Last night, overcome with sleep deprivation, I closed my eyes and returned to the dream state that I knew as a child. Last night, after I made the mad dash from the lamp, through the blackened living room, past the monster nestled comfortably in the middle of my couch, I laid in the dark and closed my eyes. I now sleep in the middle of my bed. I am barricaded with pillows on all sides. A nightlight shines from my bathroom, illuminating the various corners between me and the closet door. But, last night, in the dark, during the sleeping hours, I felt a hot breath drift across my cheek. I stirred and settled back down into my desired slumber. A heart beat later, not only did I feel the hot moisture of death traveling from the side of my face towards my neck, but I could smell the stagnate odor of decay. Gasping, I sat up in bed.

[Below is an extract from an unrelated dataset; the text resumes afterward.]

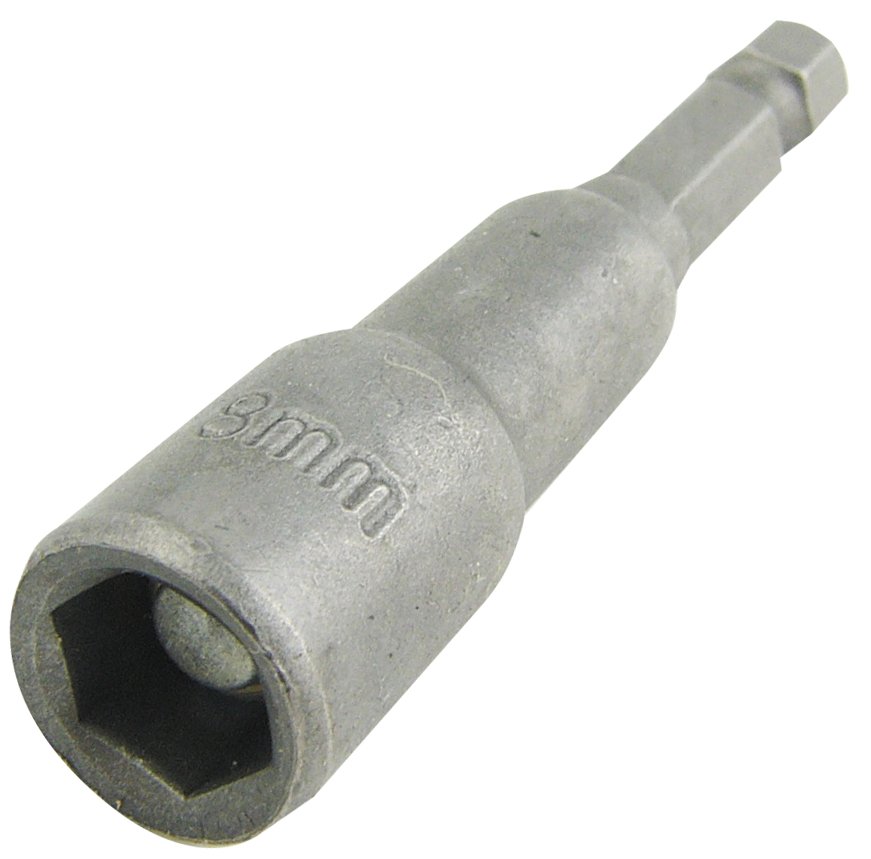 M8 Hexagonal Magnetic Socket Driver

But, you see, my screams fall on the walls of my empty home. They are absorbed by the carpet that covers the floors. There are no ears that belong to concerned parents that will come running to flood my small bedroom with light. So, I had no one to save me from the thing that hovered over me. The thing with the red eyes and the yellow teeth. The creature....the monster with the long black hair. It threw back its head and laughed a maniacal laugh.

I have always been afraid of the dark. Always. And I have reason to be.